For clarity, we set off these Boolean operators from their operands with spaces. So, for example, NEAFqKTXrNq might be translated into not ((false or q) iff (true and (r xor not q))).

(a) Write a set of test cases for the translator -- Boolean expressions in prefix notation and their infix equivalents.

(b) Convert the prefix grammar shown above into a syntax-directed translation scheme by adding actions to it.

(c) Adapt the translation scheme, if necessary, to facilitate parsing.

(d) Write the C fragments for a syntax-directed predictive parser for the prefix grammar.

(e) Write, in C, and test a syntax-directed translator that converts an expression of that grammar into an equivalent expression of the infix grammar. Document any simplifications or optimizations that you make in the parser fragments (as the authors do in section 2.5.4 of the textbook), briefly explaining how they preserve the intended results of translation. Provide a user interface that reads Boolean expressions in prefix form from standard input, one per line, and outputs the translations, one per line, to standard output, stopping at end of file or when a syntactically incorrect input is encountered. You may assume that no input line will contain more than 1023 characters.
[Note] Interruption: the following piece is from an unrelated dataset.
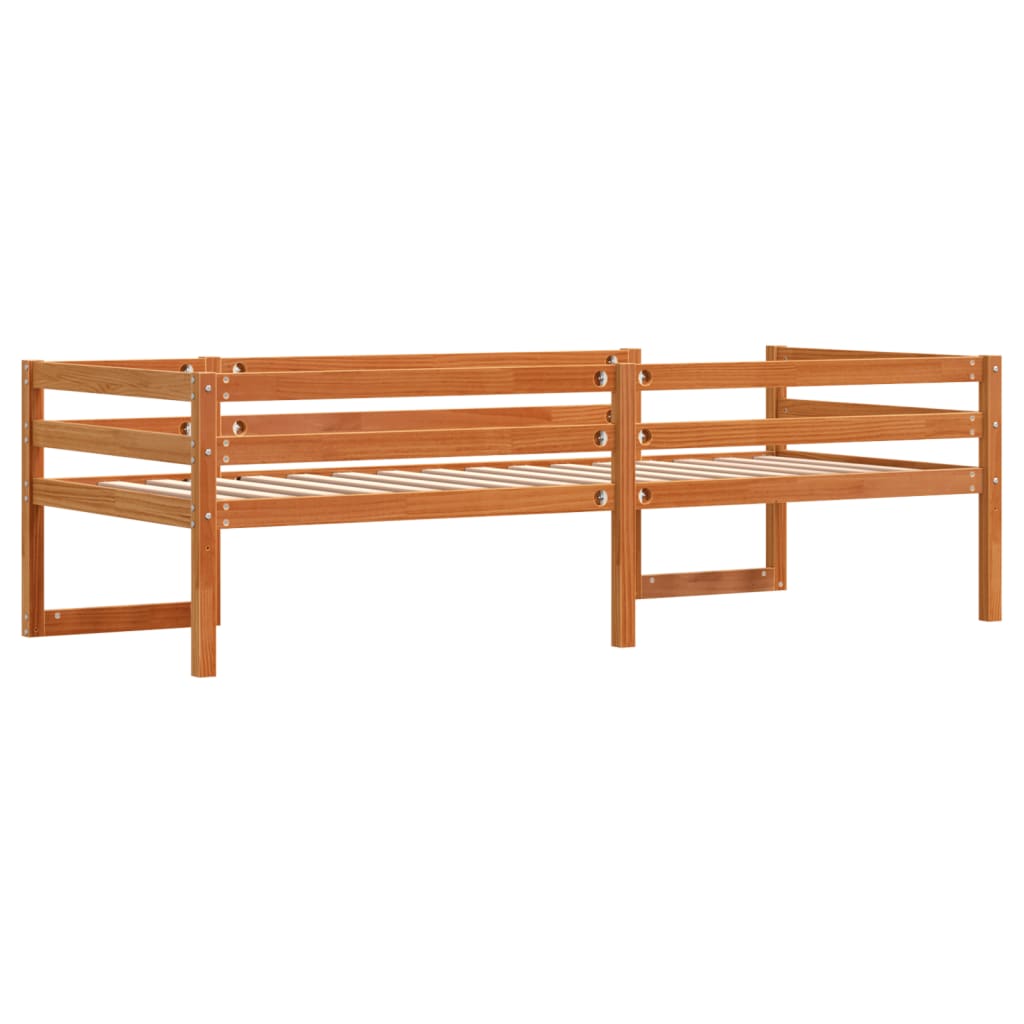 vidaXL Estructura de cama para niños madera de pino marrón 90x200 cm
Part (e) is more difficult if the translation algorithm is forbidden to introduce parentheses that are theoretically superfluous (such as the parentheses around ``false or q'' and those around "true and (r xor not q)" in the example above). For purposes of this exercise, a program need not constrain the translation in this way in order to receive full credit.

Please submit a tarball containing (1) a text file containing your syntax-directed translation scheme, with notes about any adaptations that you made in order to simplify parsing; (2) the C program implementing your translator, which may consist of several files; and (3) an input file containing the test cases you devised in part (a), and an output file containing the corresponding translations. E-mail it to me as an attachment to a message with the subject line "[CSC 362] Exercise 2".

Exercise 1

The header file /home/stone/courses/compilers/code/lists.h supplies a data structure for singly-linked lists and defines an interface to it, supporting a vaguely Scheme-like set of primitive operations. The exercise is to document, write, and test an efficient implementation of this interface, in a file named lists.c. You can use the standard C99 libraries, but no others, and you (or your team) must write all the code; you may not copy or adapt it from other sources.

You should submit your lists.c file and any supporting files that you'd like me to see or use in evaluating your implementation, such as a test program that checks that your implementation is correct. Send an e-mail to stone@cs.grinnell.edu with the subject line "[CSC 362] Exercise 1" and attach your file(s) to it; if there are three or more such files, however, create a tarball (an archive file in .tar or .tgz format) or a ZIP archive file and attach that instead.

The exercises in this course are adapted to a programming style in which you write documentation first and revise it as needed after each change to the code, and in which you create test cases for each function before coding it. You are not required to adopt this style, but it's likely that I'll bear down on any errors in your code that appear to have resulted from unwisely rejecting it.